I had an ettin run away, and he will be coming back soon as the dominated puppet of an evil dark force. I had a frost knight (an intimidating evil fey) that chased the group from the dungeon to the village that I am hoping to have at a climactic fight soon. I have a dangerous soul stealing trickster fey that the players chased away from a temple, but he remembers the group, and they remember him. And finally, the big bad boss of my campaign has already shown himself to them, kidnapped several people, controlled and coordinated many attacks against their allies, and taunted them openly.

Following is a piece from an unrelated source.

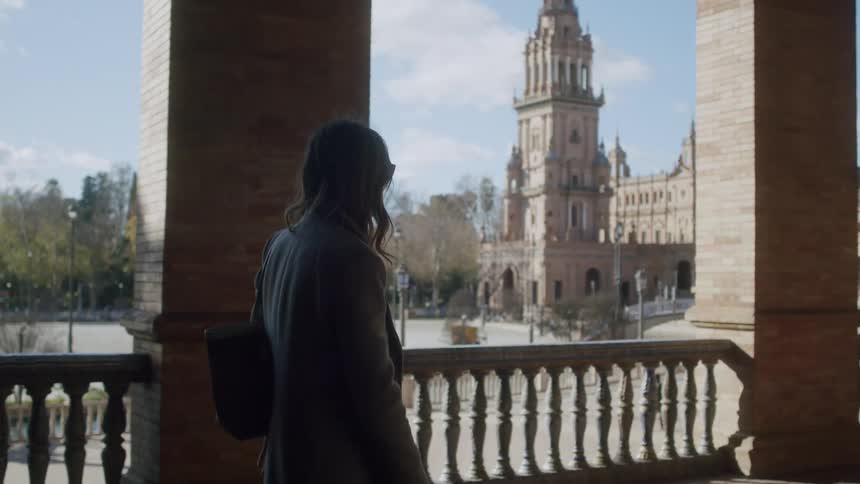 Woman walking in a church aisle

It’s been refreshing to have them be so open to the idea that not every fight has to end in total win/lose, and I’ve been able to place a lot of cues in each encounter that either cements the purpose of their quest, or introduces a new villain for them to worry about. But I do attest that this kind of villainous staging (if I had to call it something) goes a long way to getting players engaged and interested rather than having a less exciting monster of the week.
jamesintrocaso
September 3, 2015 @ 8:17 am
Amen! Your campaigns sound awesome!
seaofstarsrpg
September 1, 2015 @ 4:51 pm
Agreed, letting the player characters see their enemy and get to know about them before the final confrontation is always best. Encountering the Enemy in battle, even with your excellent advice, is always tricky because some players will just have to try and kill them, then and there, no matter how stupid doing so is. So, you have to be careful when using that tactic.
Lorathorn
September 1, 2015 @ 6:52 pm
I don’t tend to pull punches when it cones to letting villains getting away; if the players beat them, then it was due to their tactical ability. It doesn’t mean that the villain in question might not have a brother or lieutenant that might later seek revenge or similar. You may not have to bring a villain back again if you can relate a future encounter to their defeat.
jamesintrocaso
September 3, 2015 @ 8:19 am
True! Turn every unexpected surprise into a new opportunity.
jamesintrocaso
September 3, 2015 @ 8:18 am
Thanks!
Totally is tricky to use battle as a method. If you’ve got that kind of player who just can’t give up the fight, use one of the other methods instead.
icksy
September 1, 2015 @ 6:05 pm
I like to keep my boss monster identities secret too. And I agree that introducing them early to a story is great, if you can do it. I like to think of villians like the creature from Stephen King’s It, which while formidable by itself, attacked many times in the form of Pennywise the clown, so that when the full reveal came, it was still a big deal. D&D villains with illusion powers or shapechanging abilities can be used in similar ways to that. Or you can use them to make it really personal: maybe the enemy was the kindly old shopkeeper the whole time, or one of the PC’s adopted aunt! Or an alternate personality of the beloved town wizard! Egad! I can’t watch! 😉
jamesintrocaso
September 3, 2015 @ 8:20 am
Damn it, Ix. I want you to DM me. Can I move your family to the states?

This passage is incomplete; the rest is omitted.